Mostly because of namespace collisions. I know the Prototype framework has had many problems with keeping their names different from the ones included natively.
There are two major methods of providing utilities to people..
Prototyping
Adding a function to an Object's prototype. MooTools and Prototype do this.
Advantages:
Super easy access.
Disadvantages:
Can use a lot of system memory. While modern browsers just fetch an instance of the property from the constructor, some older browsers store a separate instance of each property for each instance of the constructor.
Not necessarily always available.
What I mean by "not available" is this:
Imagine you have a NodeList from document.getElementsByTagName and you want to iterate through them. You can't do..
document.getElementsByTagName('p').map(function () { ... });
..because it's a NodeList, not an Array. The above will give you an error something like: Uncaught TypeError: [object NodeList] doesn't have method 'map'.

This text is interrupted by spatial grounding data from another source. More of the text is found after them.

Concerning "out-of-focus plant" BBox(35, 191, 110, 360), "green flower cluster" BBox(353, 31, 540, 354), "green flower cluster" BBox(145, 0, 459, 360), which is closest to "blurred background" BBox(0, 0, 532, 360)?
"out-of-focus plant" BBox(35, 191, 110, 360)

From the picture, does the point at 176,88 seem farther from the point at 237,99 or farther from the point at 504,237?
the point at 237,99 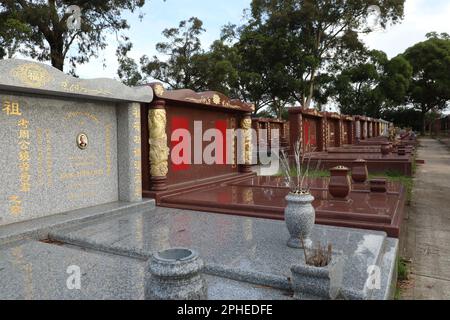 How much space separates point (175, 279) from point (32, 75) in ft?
11.1

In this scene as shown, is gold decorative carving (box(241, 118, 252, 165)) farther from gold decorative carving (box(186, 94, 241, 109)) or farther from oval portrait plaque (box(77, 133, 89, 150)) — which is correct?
oval portrait plaque (box(77, 133, 89, 150))

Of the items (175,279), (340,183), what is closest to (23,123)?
(175,279)

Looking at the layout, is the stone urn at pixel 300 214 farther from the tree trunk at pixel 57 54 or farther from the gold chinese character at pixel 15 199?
the tree trunk at pixel 57 54

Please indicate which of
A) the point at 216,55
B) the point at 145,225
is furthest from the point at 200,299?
the point at 216,55

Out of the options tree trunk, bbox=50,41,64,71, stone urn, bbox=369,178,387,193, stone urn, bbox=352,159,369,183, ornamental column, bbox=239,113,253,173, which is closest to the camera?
stone urn, bbox=369,178,387,193

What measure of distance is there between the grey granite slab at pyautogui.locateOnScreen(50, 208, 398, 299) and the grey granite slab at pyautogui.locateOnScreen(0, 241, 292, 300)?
15 centimetres

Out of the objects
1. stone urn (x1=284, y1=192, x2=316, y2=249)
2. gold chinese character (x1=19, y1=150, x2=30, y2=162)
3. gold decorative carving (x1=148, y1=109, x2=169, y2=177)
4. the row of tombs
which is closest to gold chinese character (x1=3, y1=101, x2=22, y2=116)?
the row of tombs

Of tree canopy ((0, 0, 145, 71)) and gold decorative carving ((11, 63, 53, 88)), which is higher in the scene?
tree canopy ((0, 0, 145, 71))

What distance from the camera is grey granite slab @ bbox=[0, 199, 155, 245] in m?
4.23

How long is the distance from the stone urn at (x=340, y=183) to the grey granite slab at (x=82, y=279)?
11.0ft

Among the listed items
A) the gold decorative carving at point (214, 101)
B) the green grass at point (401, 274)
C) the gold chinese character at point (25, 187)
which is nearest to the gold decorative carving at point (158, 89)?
the gold decorative carving at point (214, 101)

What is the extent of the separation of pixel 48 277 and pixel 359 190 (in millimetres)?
5564

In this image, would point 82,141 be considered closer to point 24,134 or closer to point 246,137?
point 24,134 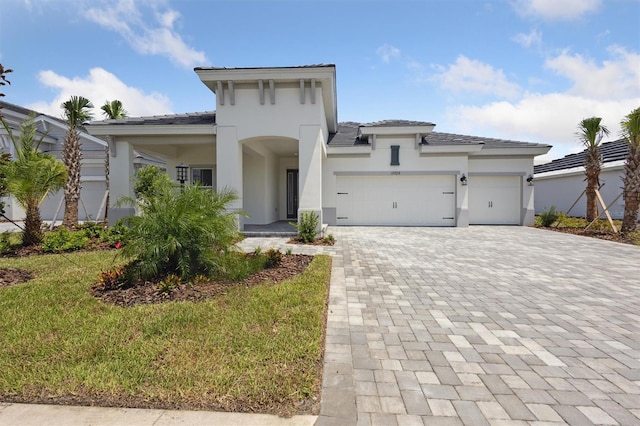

I should note that there are very simple ways to convert NodeList's and other Array-like
Objects into real arrays.
Collecting
Creating a brand new global variable and stock piling utilities on it. jQuery and Dojo do this.
Advantages:
Always there.
Low memory usage.
Disadvantages:
Not placed quite as nicely.
Can feel awkward to use at times.
With this method you still couldn't do..
document.getElementsByTagName('p').map(function () { ... });
..but you could do..
jQuery.map(document.getElementsByTagName('p'), function () { ... });
..but as pointed out by Matt, in usual use, you would do the above with..
jQuery('p').map(function () { ... });
Which is better?
Ultimately, it's up to you. If you're OK with the risk of being overwritten/overwriting, then I would highly recommend prototyping. It's the style I prefer and I feel that the risks are worth the results. If you're not as sure about it as me, then collecting is a fine style too. They both have advantages and disadvantages but all and all, they usually produce the same end result.
As bjornd pointed out, monkey-patching is a problem only when there are multiple libraries involved. Therefore its not a good practice to do it if you are writing reusable libraries. However, it still remains the best technique out there to iron out cross-browser compatibility issues when using host objects in javascript.
See this blog post from 2009 (or the Wayback Machine original) for a real incident when prototype.js and json2.js are used together.
There is an excellent article from Nicholas C. Zakas explaining why this practice is not something that should be in the mind of any programmer during a team or customer project (maybe you can do some tweaks for educational purpose, but not for general project use).
Maintainable JavaScript: Don’t modify objects you don’t own:
https://www.nczonline.net/blog/2010/03/02/maintainable-javascript-dont-modify-objects-you-down-own/
In addition to the other answers, an even more permanent problem that can arise from modifying built-in objects is that if the non-standard change gets used on enough sites, future versions of ECMAScript will be unable to define prototype methods using the same name. See here:
This is exactly what happened with Array.prototype.flatten and Array.prototype.contains. In short, the specification was written up for those methods, their proposals got to stage 3, and then browsers started shipping it. But, in both cases, it was found that there were ancient libraries which patched the built-in Array object with their own methods with the same name as the new methods, and had different behavior; as a result, websites broke, the browsers had to back out of their implementations of the new methods, and the specification had to be edited. (The methods were renamed.)
For example, there is currently a proposal for String.prototype.replaceAll. If you ship a library which gets widely used, and that library monkeypatches a custom non-standard method onto String.prototype.replaceAll, the replaceAll name will no longer be usable by the specification-writers; it will have to be changed before browsers can implement it.